Write the data out again exactly, dropping any images it holds.

(Dataset section)

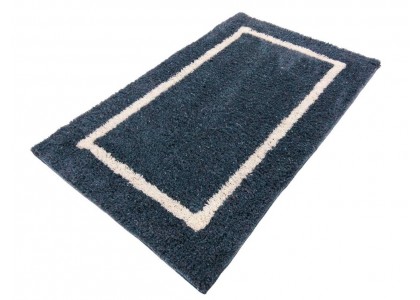 Коврик для ванны Стандарт хлопок темно-серый 50x80см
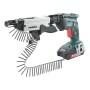 Metabo Akku-Schrauber SE 18 LTX 6000 + Schrauber-Magazin SM 5-55 Kunststoffkoffer + 2x18V/2Ah Li-Ion + ASC 30-36 V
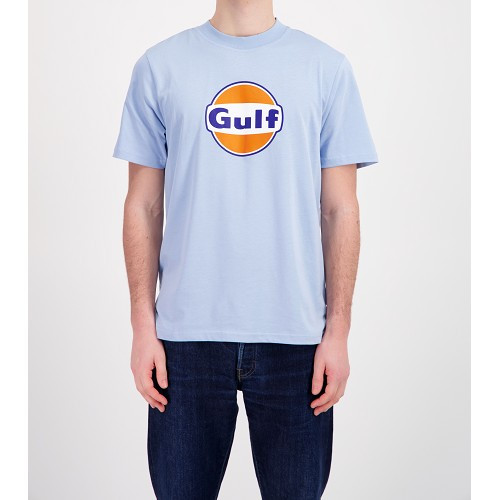 Tee-Shirt GULF Logo 3D Light Blue - Taille M - UF01839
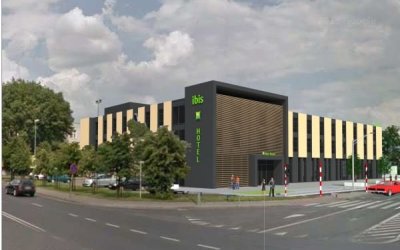 MaxVision wykona w Grudziądzu hotel Ibis Styles o powierzchni 5,4 tys. m²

(End Dataset section)

> Solution to this problem
 Коврик для ванны Стандарт хлопок темно-серый 50x80см
 Metabo Akku-Schrauber SE 18 LTX 6000 + Schrauber-Magazin SM 5-55 Kunststoffkoffer + 2x18V/2Ah Li-Ion + ASC 30-36 V
 Tee-Shirt GULF Logo 3D Light Blue - Taille M - UF01839
 MaxVision wykona w Grudziądzu hotel Ibis Styles o powierzchni 5,4 tys. m²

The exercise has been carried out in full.